Monday, December 14, 2015

Joel Performs

Rough weekend. Not sure when Will got home from Athens. Friday or Saturday night. His church gave him a $400.00 gift card from Home Depot as a going away present. Raked the yard Friday and did some other housework and laundry as well. Ceil cooked pork tenderloin, and later W and I watched a Batman movie.
 
Later Saturday for Matthew I stopped by two thrift stores, the bank, Taco Bell, Moe’s, Chickfila, QuikTrip, and then four more thrift stores. Then I gassed up my Civic. Ceil worked a wedding with Molly, and we both returned home after our long days quite bushed.
 
Saturday night we went with Ceil to Joel Norman’s concert down in Becky’s basement. House concerts must be a thing these days. Besides Becky and Joel’s partner Isaac George’s parents, we were the only old people there. Lots of beards and long hair. Several now young adults we knew: Willis, Charles, David, and Beth Norman, DJ Hoffer, Will, Kevin Brock, Nic Beatty, Kyle Muscara, David Rajecki, Joel Nels, Josiah and Nicki George (with their well-behaved baby daughter), and several other members of the big George family. There were at least 50 people in the Norman’s nicely finished basement. Charles shuttled people over from the nearby Riverside Park parking lot. He has grown to well over six feet, perhaps taller than his brother David.   

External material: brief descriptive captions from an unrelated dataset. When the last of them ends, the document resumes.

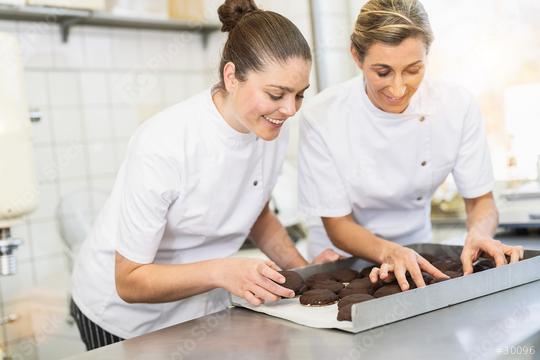 Two bakers arranging chocolate-covered gingerbreads on a tray in a bakery, carefully preparing the freshly made treats in a professional baking environment  : Stock Photo or Stock Video Download rcfotostock photos, images and assets rcfotostock | RC Photo Stock.: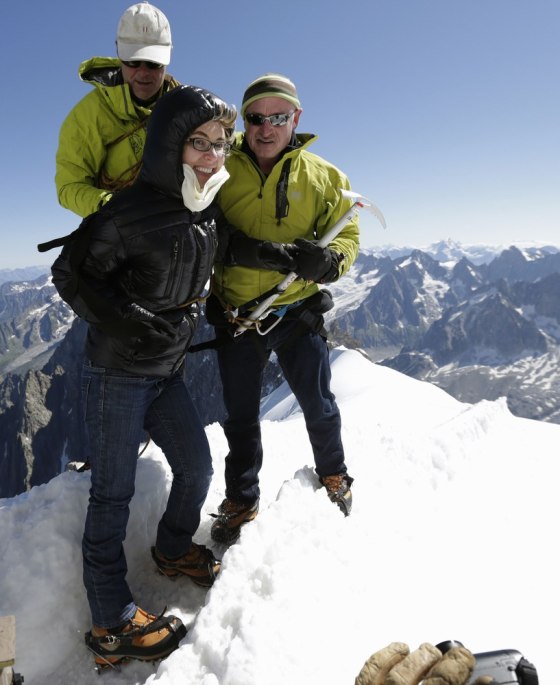 Former U.S. Congresswoman Gabrielle Giffords, center, stands with her husband Mark Kelly, right, NASA astronaut and commander of mission STS-134, and mountain guide Vincent Lameyre before Kelly and two other astronauts walked from L'Aiguille du Midi to the Refuge des Cosmiques near Mont-Blanc in Chamonix July 23.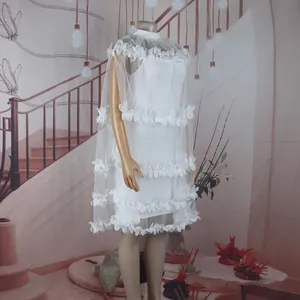 Side view detail of elegant white tulle dress with layered petal ruffles for dance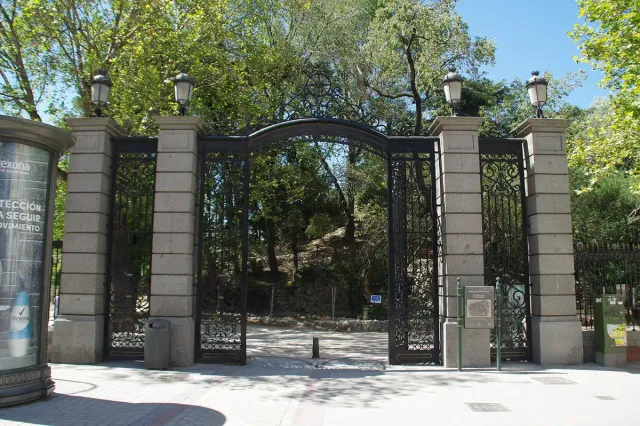 A wide black iron gate between stone pillars at the entrance to a shaded park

Abby George’s husband Jonathan Peyton opened the show with several songs and some great stories. He has performed at Eddie’s Attic. Anthony Aparo followed him, accompanied by his wife, who looked like Gwen Stefani. They too had a few personable short stories to share. Anthony sang his single “I’ve Got Plenty”, recently released on Spotify. He works for a ministry in the city. Finally Joel and Isaac took the stage, accompanied by one guy on bass, another on drums, and a girl on acoustic guitar. Isaac played guitar and sang. Joel played keyboards, sang lead, and introduced the songs. They did great considering the short time they had to practice. Joel’s confident yet playful introductions, love songs, and melodies reminded me of Paul McCartney. The show was to celebrate the release of Isaac & Joel’s double single “Simple Love” and “When We Were Kids” on Noisetrade.com.
 
Will returned to Athens Sunday morning to work. later Ceil and I split a meal at Moxie Burger. Then we cleaned up the downstairs pretty well before Molly came over. Got a live Christmas tree set up in the living room. Will had gotten down the decorations from the attic but we didn’t get the tree decorated. C went to Target and Whole Foods. She cooked grits and eggs and worked on the wedding. I tried out my recently acquired popcorn popper #5. Later we watched the highly recommended Netflix movie Crackerjack. Very good. Made by my friend Bryan Coley, we had forgotten his wife and kids were in the movie. Wife Susan played a harried pregnant wife to perfection, and cutiepie daughter Haviland played her pesky daughter. My friend Reid Hall was also credited for his production help mixing in narrator Jeff Foxworthy’s lines.
     
Nice to see that our company Christmas card actually says Merry Christmas on it. I even got to sign one of them. Now I hear there are also some Happy Holidays cards. Oh well. I need to send one to the crew at the Duluth Taco Bell. Terrible service. Funny that of the all minority crew there were no Hispanics.
 
Sunday during lunch I thought up what I thought was a good joke: “If global warming is such a thing why doesn’t Hollywood make movies about it?” Posted it around 2 pm and garnered several likes. Of course the danger in posting anything remotely political on social media, especially as a question, is that someone with a different viewpoint might post something to the contrary. It took 12 hours – at 2 am - before the outspoken Scott Morris posted a witty reply: “Because we go to movies to escape reality.” This morning I thought of a few witty yet truthful replies, but since the post was already buried in everyone’s feeds, I left his comment alone.